Œil pour œil

Ismaïl Haniyeh, le chef du Hamas, est mort dans une attaque aérienne à Téhéran où il s’était rendu pour assister à la célébration de l’investiture du nouveau président iranien, Masoud Pezeshkian. La frappe n’a pas été revendiquée par l’armée ou les dirigeants israéliens, mais elle semble bien faire partie d’une série de ripostes à une roquette qui a fait une douzaine de victimes civiles, des jeunes jouant au ballon, dans le Golan annexé par Israël, et qui n’a pas été reconnue par le Hezbollah libanais. Le journaliste franco-israélien, Julien Bahloul, évoquait ce matin « un sentiment de justice » dans la population de Tel-Aviv.

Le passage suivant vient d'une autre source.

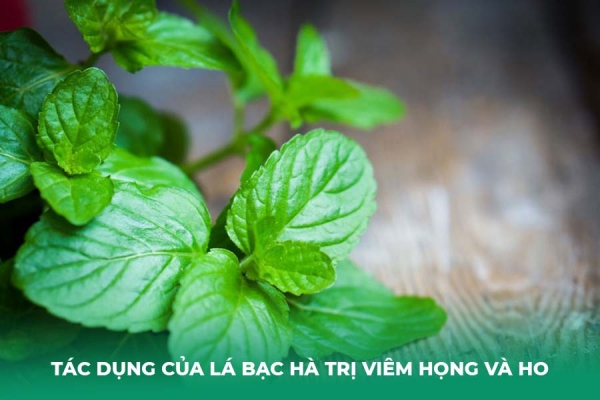 5 Cách Trị Ho Bằng Lá Bạc Hà Đơn Giản Và Hiệu Quả Tại Nhà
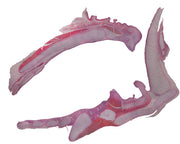 Microscope Slide, Larynx, Cat; Cross Section; H&E Stain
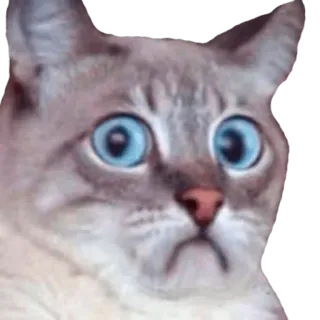 ☹ кот, животное, голубые глаза, милый, мем, смешной, питомец, удивлённый whatsapp sticker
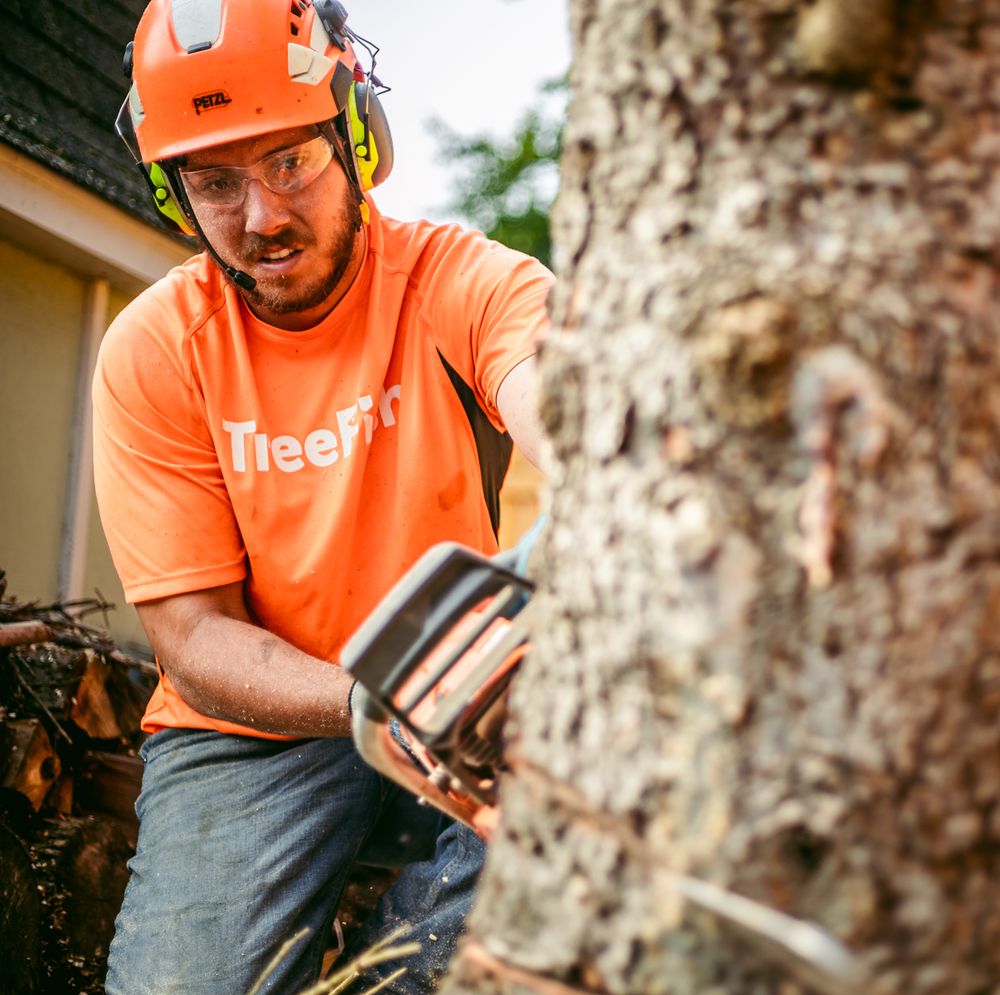 Tree Fish - tree service in Grand Rapids, MI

Cependant, nous avons bien l’impression d’un nouvel épisode dans une vendetta interminable. Cette mort ne restera pas sans réponse a indiqué le Hamas immédiatement, et le risque d’une escalade est renforcé, tandis que l’espoir d’un cessez-le-feu et d’une négociation visant à récupérer les derniers otages s’éloigne encore davantage. Il ne peut pas y avoir de véritable justice sans la reconnaissance réciproque d’une instance, quelle qu’elle soit, qui puisse arbitrer le conflit entre les adversaires. À défaut, et pour l’instant, c’est la loi du Talion, reconnue par les principales religions monothéistes, qui s’applique, faute de mieux. Et même ce principe apparemment simple, de payer un œil pour un œil perdu, ou une dent pour une dent, est bien difficile à appliquer, l’appréciation du préjudice étant essentiellement subjective. Le risque d’une propagation du conflit dans la région, même si personne n’y a véritablement intérêt, s’accroît à chaque riposte. Cela suppose un accord sur la proportionnalité des attaques et des représailles accepté par les belligérants. Or, il s’agit d’une guerre asymétrique où les deux camps n’ont pas la même estimation de la valeur de leurs ressortissants. En 2011, Israël a accepté de « payer » la restitution d’un seul soldat, Gilad Shalit, par la libération de 1027 prisonniers palestiniens.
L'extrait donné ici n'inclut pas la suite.